Uyanık geçinen Özcan Işıklar, bu konuyla ilgili dosyayı kendisi imzalamamış ve izne çıkarak dönemin CHP’li Belediye Meclis Üyesi ve Belediye Başkanı Vekili Suna Göçengil ile sırasıyla başkan vekili olarak bıraktığı diğer meclis üyelerine imzalatmıştı.

Nurullah Baldöktü gibi “hayırsever” işadamları başta olmak üzere birçok yatırımcı bu arsaları almış ve alır almaz da her ihtimale karşı diyerek üçüncü kişilere kağıt üzerinde yeniden satış yapmıştı.

AK Partili Silivri belediye meclis üyeleri konuyu idare mahkemesine götürmüş ve İstanbul 5. İdare Mahkemesi tarafından satışlar iptal edilmişti.

Özcan Işıklar, mahkeme kararına rağmen yeni satışlar yapmaya devam etmişti.

Silivri Belediyesi avukatlarının itirazı üzerine dosyayı inceleyen Danıştay 8. Dairesi, iptal kararını yerinde bularak onamıştı.

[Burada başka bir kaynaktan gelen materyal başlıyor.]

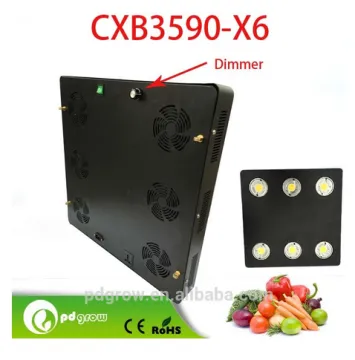 2016 HIgh lumen COB led CXB3590 CXB 3590 3500K CB Bin led grow light 600w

Yani, satışların usulsüz olarak ve yasa dışı bir şekilde yapıldığı yüksek yargı kararı ile de kesinleşmişti.

 
Sevgili Silivrililer,

İstanbul 5. İdare Mahkemesi’nin iptal kararına rağmen Özcan Işıklar’ın, başta “hayırsever” işadamı Nurullah Baldöktü olmak üzere birçok kişiye bu arsaları satmaktaki ısrarını ve inadını; yine bu ısrarı sonucunda  yasalarla başının derde girme ihtimaline karşılık dosyayı kendisinin imzalamaması ve başkan vekillerine imzalatmasını da takdirinize sunuyorum.

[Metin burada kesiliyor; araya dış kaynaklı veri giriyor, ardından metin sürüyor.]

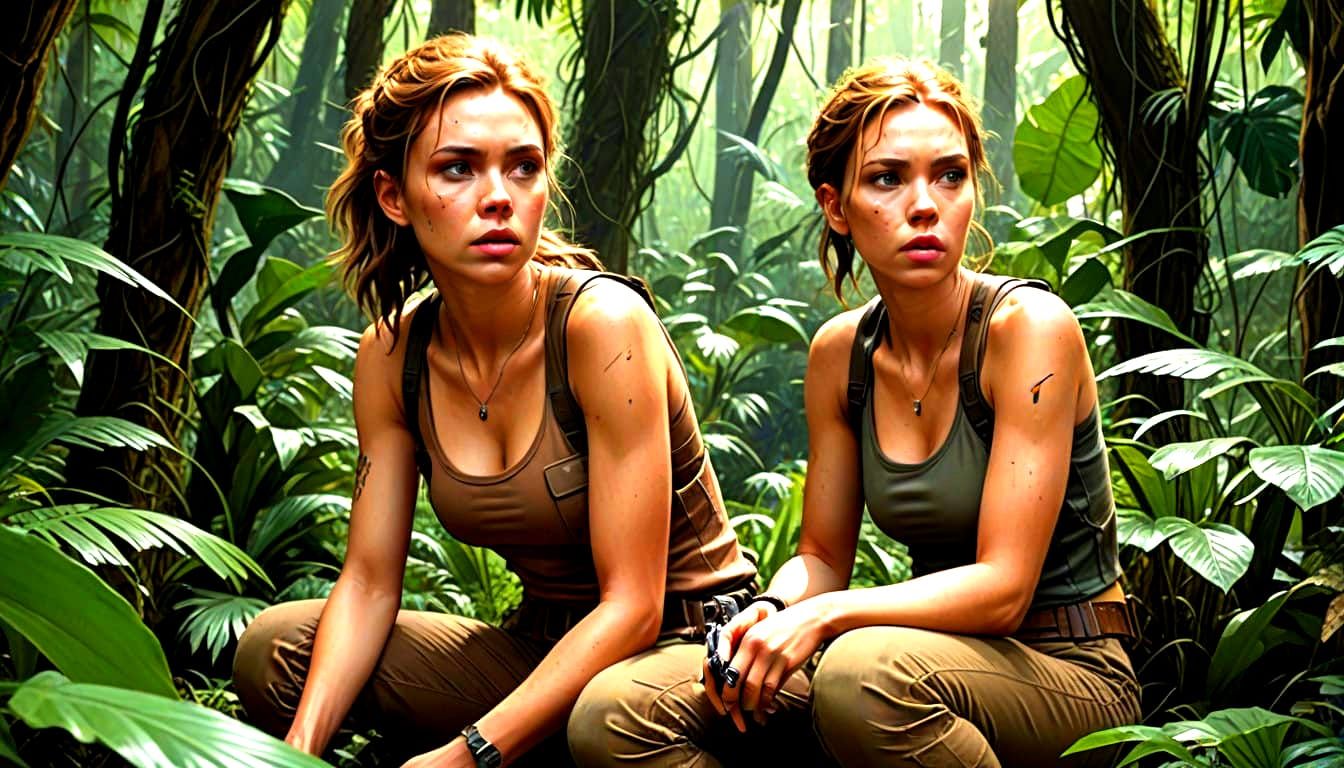 Scarlett Johansson in Jungle Survival Mode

Aynı şekilde Baldöktü gibi “hayırsever” bir işadamı başta olmak üzere, bu arsalardan üçer beşer kapar gibi satın alan birçok kişinin; sanki olacakları tahmin etmiş gibi arsaları alır almaz üçüncü kişilere kağıt üzerinde satış yaparak söz konusu arsaların belediye envanterine geri dönmesinin önüne barikat çekmeye çalışmasını da bir kez daha altını çizerek hatırlatıyorum.

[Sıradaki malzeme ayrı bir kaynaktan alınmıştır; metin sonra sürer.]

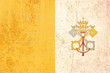 flag of vatican grunge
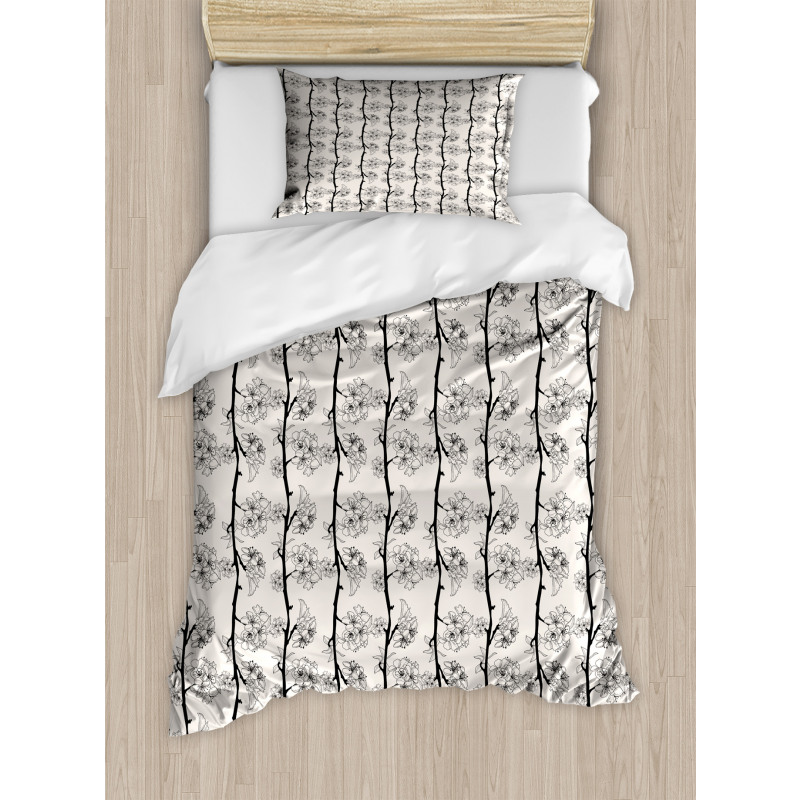 Parallel Branch Duvet Cover Set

Anlaşılan o ki birileri bu işten iyi para kazanmayı ümit etmiş...
 
Diğer taraftan bütün bunların yanına elinde bulunan üç beş kuruş birikmişini değerlendirmek amacıyla söz konusu arsalardan birer adet alan küçük yatırımcılar var.

Nurullah Baldöktü gibi “hayırsever” işadamları ne yapar eder bu işten kârlı çıkmasını bilir.

Ancak elindeki üç kuruş birikimiyle tek bir arsa almaya gücü yeten ve üçüncü kişilere devir falan gibi katakulli işleri düşünemeyen masum yatırımcılar ne olacak?

Bu insanların çoluk çocuklarının ahı Özcan Işıklar’ın üzerinde kalmayacak mı?